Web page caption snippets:

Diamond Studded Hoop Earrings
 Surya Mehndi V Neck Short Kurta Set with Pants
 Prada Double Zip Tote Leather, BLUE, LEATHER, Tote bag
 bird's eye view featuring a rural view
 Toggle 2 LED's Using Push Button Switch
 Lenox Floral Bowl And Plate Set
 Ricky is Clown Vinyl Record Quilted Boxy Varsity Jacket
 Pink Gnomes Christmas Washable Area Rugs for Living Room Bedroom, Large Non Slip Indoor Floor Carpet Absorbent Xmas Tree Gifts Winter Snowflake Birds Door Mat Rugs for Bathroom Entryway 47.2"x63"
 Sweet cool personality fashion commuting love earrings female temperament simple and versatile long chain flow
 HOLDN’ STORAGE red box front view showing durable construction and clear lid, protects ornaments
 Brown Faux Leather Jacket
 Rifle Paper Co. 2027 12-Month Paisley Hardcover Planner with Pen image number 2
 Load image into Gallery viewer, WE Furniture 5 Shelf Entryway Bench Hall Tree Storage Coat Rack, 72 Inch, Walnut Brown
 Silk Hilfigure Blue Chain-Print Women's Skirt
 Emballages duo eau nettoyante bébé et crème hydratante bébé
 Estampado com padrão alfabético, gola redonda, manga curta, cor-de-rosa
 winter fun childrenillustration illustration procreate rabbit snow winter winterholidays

PROBLEM DESCRIPTION
Please return each line of the data above in which the word "Tree" occurs.

THE ANSWER
 Pink Gnomes Christmas Washable Area Rugs for Living Room Bedroom, Large Non Slip Indoor Floor Carpet Absorbent Xmas Tree Gifts Winter Snowflake Birds Door Mat Rugs for Bathroom Entryway 47.2"x63"
 Load image into Gallery viewer, WE Furniture 5 Shelf Entryway Bench Hall Tree Storage Coat Rack, 72 Inch, Walnut Brown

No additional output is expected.